Total proteins were extracted from 2×106 cultured cells using radioimmunoprecipitation assay lysis buffer (1% Nonidet P-40, 0.5% sodium deoxycholate and 0.1% SDS in 1X phosphate buffer solution) containing protease inhibitors (2 µg/ml aprotinin, 2 µg/ml leupeptin and 1 mM phenylmethylsulfonyl fluoride) for 30 min on ice. Following centrifugation at 12,000 × g for 15 min at 4°C, the supernatant was resuspended in buffer containing 1% SDS and 1% dithiothreitol, and heated at 100°C for 5 min. The protein concentration was quantified using a bicinchoninic acid protein assay, and an equal amount of protein (20 µg) was electrophoresed by 10% SDS-PAGE and transferred onto nitrocellulose membranes. Following blocking with 5% non-fat dry milk in TBS-Tween-20 (TBS-T; 10 mM Tris-HCl, pH 8.0, 100 mM NaCl and 0.05% Tween-20) at room temperature for 1 h, the membrane was incubated at 4°C overnight with rabbit anti-RIP3 (1:1,000; #95702) or anti-β-actin (1:1,000; #8457) primary antibodies (both from Cell Signaling Technology, Inc.). Following incubation, the membrane was washed twice with TBS-T for 15 min and incubated with horseradish peroxidase-conjugated goat anti-rabbit secondary antibody (Abcam, ab6721, 1:5,000) at room temperature for 1 h. After washing with TBS-T, the immunoreactivities were visualized by an ECL plus chemiluminescence kit (Beyotime Institute of Biotechnology, Haimen, China) according to manufacturer's protocol (Pierce; Thermo Fisher Scientific, Inc.). The relative optical density of bands were analyzed using Image-Pro Plus 6.0 software (Media Cybernetics, Inc., Rockville, MD, USA).

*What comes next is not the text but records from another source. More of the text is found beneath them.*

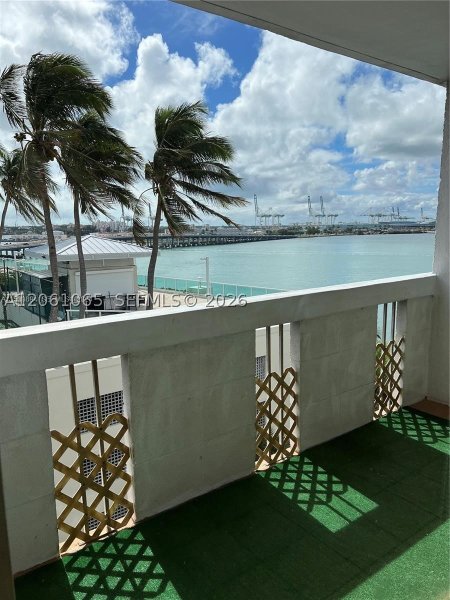 Property photo # 9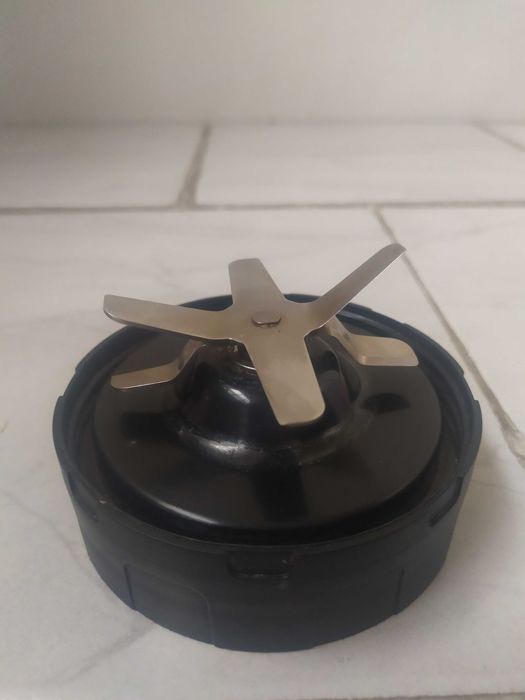 Нутри блендер-1000 вата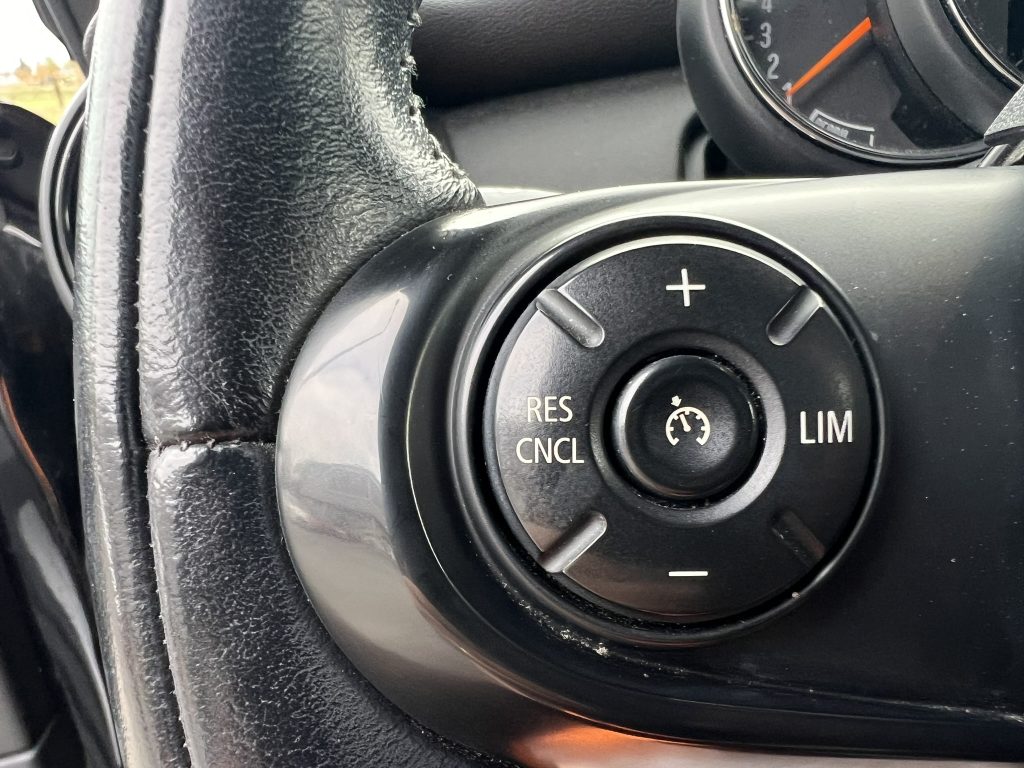 Mini One 1.2 benzine van 2016 slechts 67.000km met veel opties aanwezig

Measurement of intracellular ROS

Levels of ROS were measured using the ROS assay kit from Beyotime Institute of Biotechnology, according to the manufacturer's protocol. Briefly, following treatment, 1×106 Neuro-2a cells were incubated with 10 µM non-fluorescent probe 2′,7′-dichlorofluorescin diacetate (DCFH-DA) for 20 min at room temperature. DCFH-DA is able to penetrate the cellular membrane and be hydrolyzed to dichlorofluorescin (DCFH) carboxylate anion. DCFH is subsequently oxidized by ROS, which results in the formation of fluorescent dichlorofluorescein (DCF). DCF fluorescence was detected using fluorescence spectroscopy with maximum excitation and emission of 495 and 529 nm, respectively.

Statistical analysis

All statistical analyses were performed using GraphPad Prism 5.0 (GraphPad Software, Inc., La Jolla, CA, USA). Data are presented as the mean ± standard error of the mean. One-way analysis of variance was used to compare differences among three or more groups, which was followed by Bonferroni post-hoc testing for multiple comparisons. P<0.05 was considered to indicate a statistically significant difference.

Results

Honokiol inhibits the proliferation of Neuro-2a mouse neuroblastoma cells in a time- and dose-dependent manner

To assess the effects of honokiol on the growth of neuroblastoma cells, Neuro-2a cells were treated with 0, 30, 60 or 120 µM honokiol for 24, 48 and 72 h. Cell viability was assessed by MTT assay. As demonstrated in Fig. 1, following treatment for 24 h, 30, 60 and 120 µM honokiol resulted in inhibition of cell proliferation by 12, 25 and 30%. Furthermore, increased inhibitory effects were observed when the treatment time was extended to 48 and 72 h. These results demonstrate that honokiol inhibited the growth of Neuro-2a cells in a time- and dose-dependent manner.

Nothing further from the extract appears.